Péter Gömöri
BEAM Enthusiast, XProf maintainer
Peter spent quite a few years at Ericsson where he became an Erlang native. Later he utilised his experience in various other industries from sports-betting to online advertisement at Erlang Solutions. Recently, he has joined Appliscale to fight with cloud-scale systems.
Past Activities
Code BEAM Lite Amsterdam
16.00 - 16.20
The Yin and Yang of Mutability
In the footsteps of Erik Stenman and Michal Muskala let's explore another part of the BEAM VM. The two extremes of mutability: atomic counters and persistent terms were introduced without much ado, almost secretly in the patch release OTP 21.2. Via an example using them in an hdr histogram implementation Péter would like to explore their behaviour, caveats and limitations. And also show some benchmarks for scenarios when "you have to measure".
OBJECTIVES
Insight into these two small but interesting features of the BEAM.
AUDIENCE
Those with a bit of interest in the BEAM.
Code BEAM SF 2020
15.20 - 15.45
The Yin and Yang of mutability
In the footsteps of Erik Stenman and Michal Muskala, let's explore another part of the BEAM VM. The two extremes of mutability: atomic counters and persistent terms were introduced without much ado, almost secretly in the patch release OTP 21.2. Via an example using them in an hdr histogram implementation, I'd like to explore their behaviour, caveats and limitations. And also show some benchmarks for scenarios when "you have to measure".
THIS TALK IN THREE WORDS
Mutability
OBJECTIVES
Insight into these two small but exciting features of the BEAM.
TARGET AUDIENCE
Everyone with a bit of interest in the BEAM.
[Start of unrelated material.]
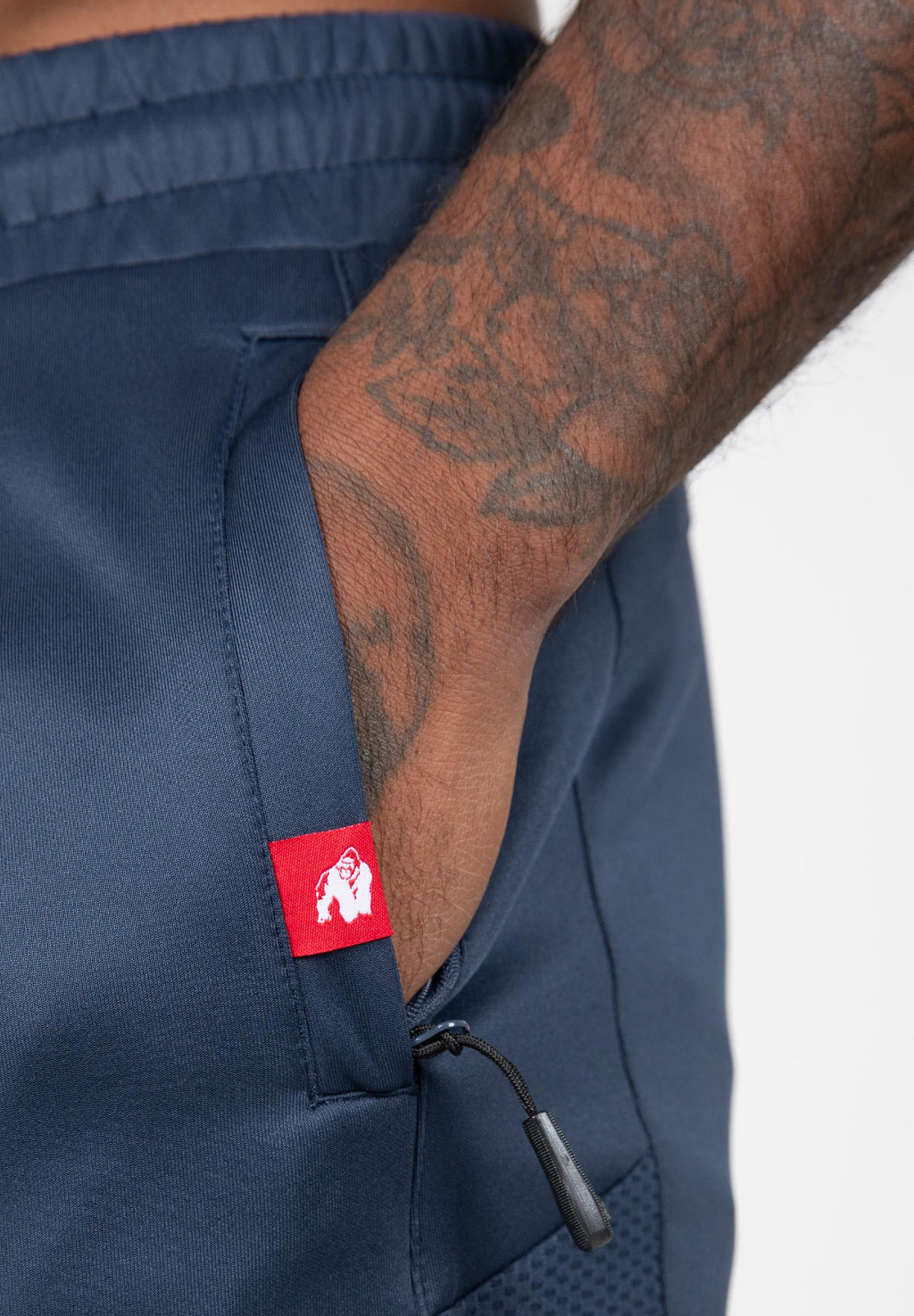 Gorilla Wear Tennessee Track Shorts - Korte Broek - Marineblauw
Code BEAM Lite Amsterdam 2018
16.30 - 16.50
XProf 2.0 - Evolution of tracing-based investigation
How do you introspect Erlang/Elixir production systems handling a large number of concurrent requests? There are certainly many ways. Peter will present an intuitive, visual debugging workflow with XProf through real-world examples.
XProf was originally created to hunt down performance issues. But actually, we don’t face serious performance problems every single day. So the second major release is focused to create a powerful query tool with which you can easily formulate questions about the system behaviour and get meaningful answers immediately.
Peter will show features we added and how he aims to make the tool modular (with a split architecture) and extensible (via a generalised command framework) to fit multiple setups and use-cases.